Input data:
-=-=-

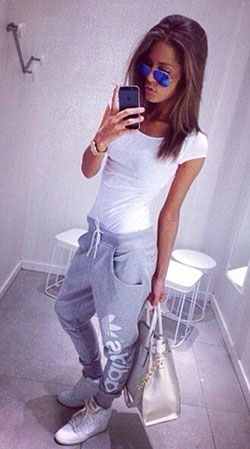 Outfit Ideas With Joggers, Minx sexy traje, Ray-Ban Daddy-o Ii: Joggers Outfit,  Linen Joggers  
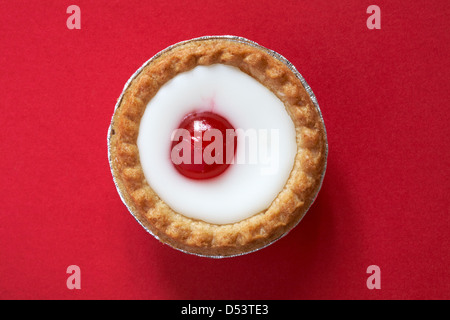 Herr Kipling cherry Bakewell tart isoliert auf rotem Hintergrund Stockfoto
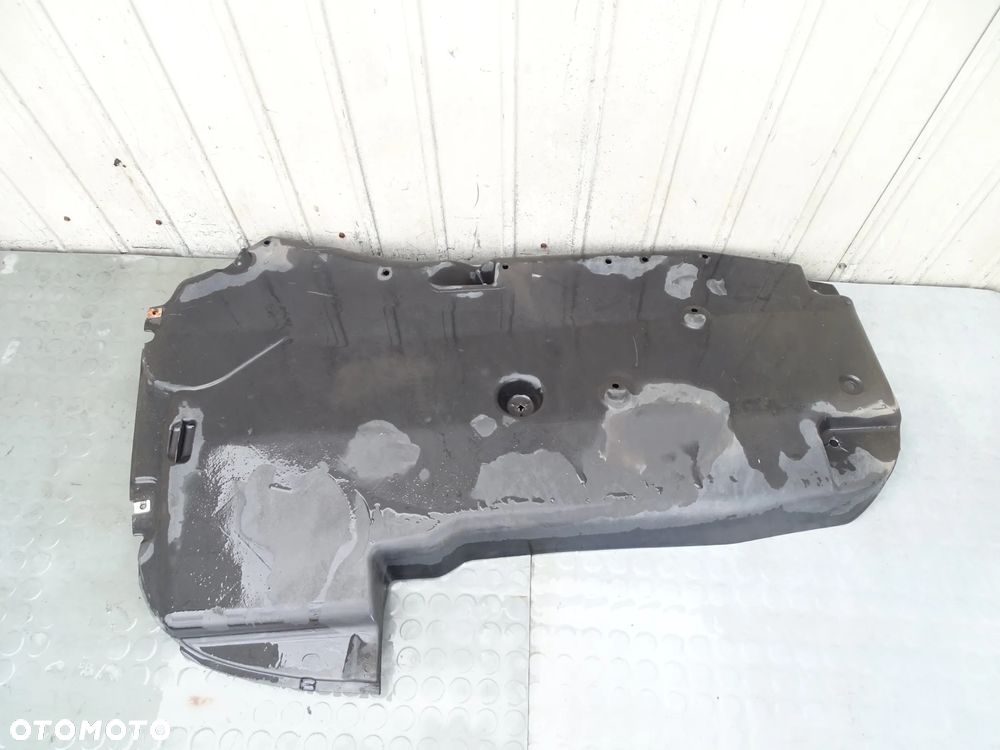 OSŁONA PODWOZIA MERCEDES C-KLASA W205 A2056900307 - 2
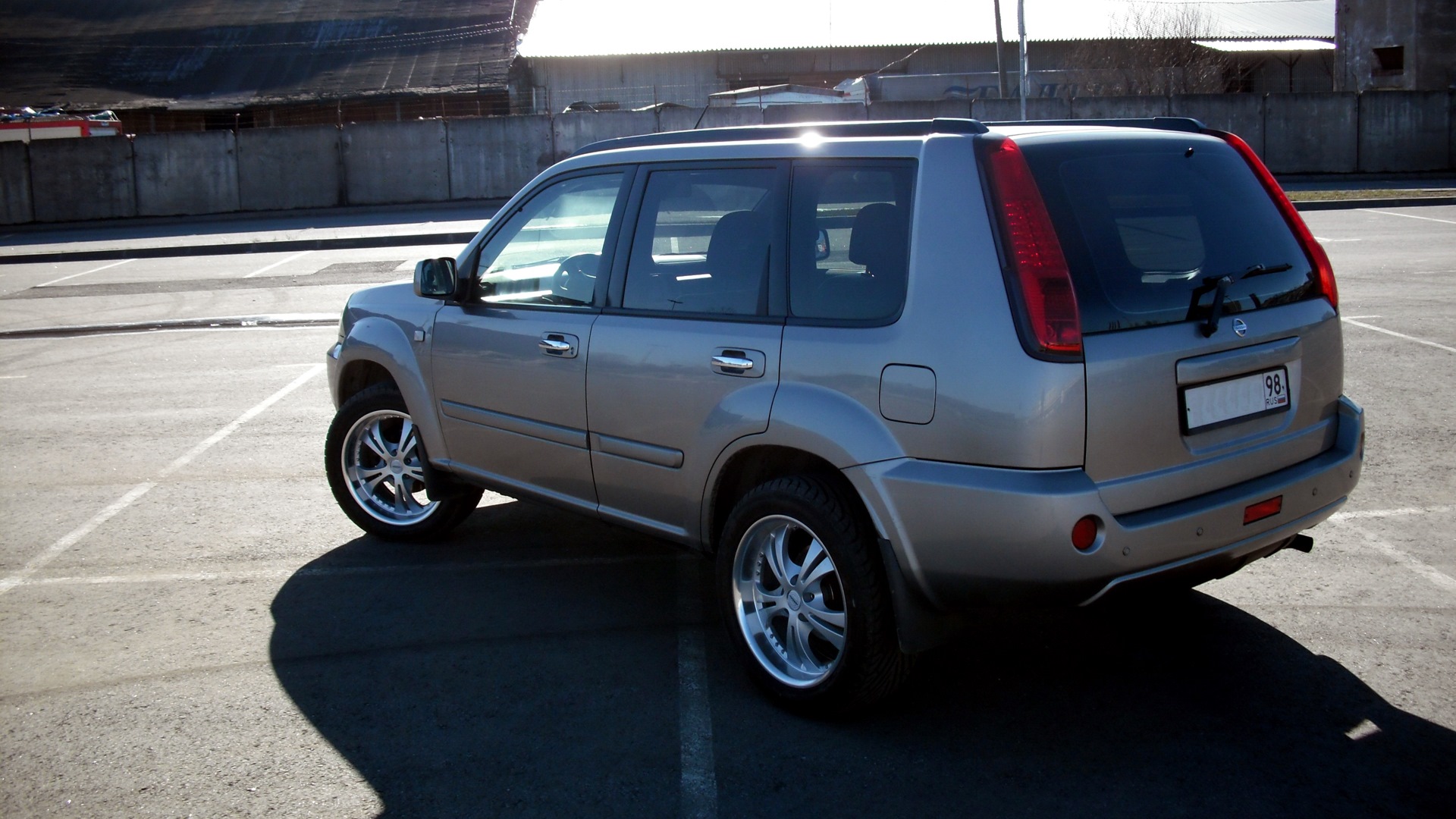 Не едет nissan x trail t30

-=-=-

Exact reproduction is required. Output only the lines from the one with "Herr Kipling cherry" through the end of the listing above, both ends included, and no pictures.

Task response:
 Herr Kipling cherry Bakewell tart isoliert auf rotem Hintergrund Stockfoto
 OSŁONA PODWOZIA MERCEDES C-KLASA W205 A2056900307 - 2
 Не едет nissan x trail t30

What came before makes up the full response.